Clearer than this could hardly be, even if the resolution is not legally binding.
But also the symbolism is important. Who is regarded as a terrorist or a freedom fighter, who is seen as criminal, or oppositional, who described as traitors or whistleblower has enormous significance.
Often the boundaries be fluid and need to be reassessed over time. But Edward Snow’s case, it became clear early on that he has done his country a great service by allowing the public to become aware of serious abuses in the state apparatus.
As a consequence of the NSA leak to put President Obama an external advisory panel to go through the charges. Its conclusions and comprehensive recommendations can be read as a scathing criticism of the security agency’s work; itself a kind of confirmation that Snowden had been right.
The conclusion is not that democratic states should cease to terror threats seriously. But the purpose can not automatically justify the means. And above all, there must be parliamentary support behind the security services. Citizens can not be left out, there must be monitoring mechanisms and a clear balance of power.
All power corrupts, and absolute monitoring power has little in common with democracy.
There was this Edward Snowden reminded everyone. His actions can be problematized; exactly where the limits of a leak to be drawn is not obvious. States have legitimate security needs that could be damaged by transparency. Total transparency is not a desirable goal. But basically made Snowden right: he served with the US Constitution’s best interests, as in previous whistleblower Daniel Ellsberg (the Pentagon Papers) and Mark “Deep Throat” Felt (Watergate).
US can end the humiliation and offering Snowden amnesty. It would at a stroke strengthen American democracy.
In Russia, where he now lives in exile, there is neither a free press or the balance of power that characterize American democracy. President Putin is pursuing a propaganda war against both its own citizens and to other states. Edward Snowden is in the Kremlin’s world a grateful trophy in the global PR work – or as Putin put it: “An unwanted Christmas present”.

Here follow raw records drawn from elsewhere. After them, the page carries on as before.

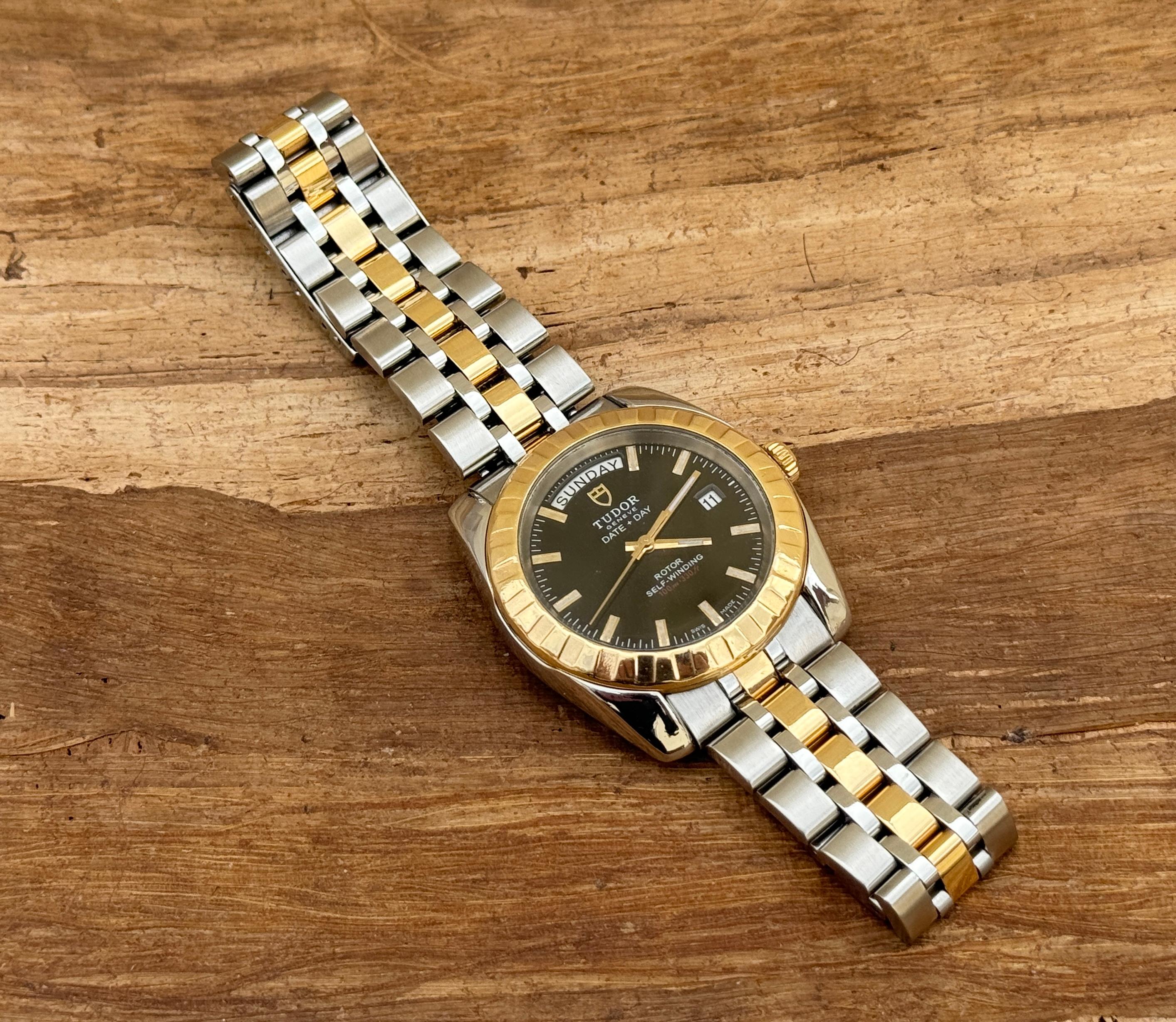 Brand: Tudor

Model: Classic Day Date

Reference Number: 23013

Country Of Manufacture: Switzerland

Movement: Automatic

Case Material: Gold/Steel

Measurements : 40 mm. (without crown)

Band Type : Gold/Steel

Band Condition : In Excellent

Is Snowden one of Putin’s propaganda tool? If so unwittingly. Some tributes to the Russian regime, he has never been known for. Their Moscow is a consequence of Snowden – literally – can not get on in the world without the risk of being extradited to the United States. He got stuck in Moscow during a stopover and applied for asylum in 22 countries – but only one said yes: Russia.
“I chose not Russia,” says Edward Snowden to DN’s Lena Sundström.
The situation is unworthy . But the blame for the bears do not whistle blower without the Western democracies that allowed Russia assume the role of fake protectors of human rights.
The United States can end the humiliation and offering Snowden some form of amnesty. It would at a stroke strengthen American democracy.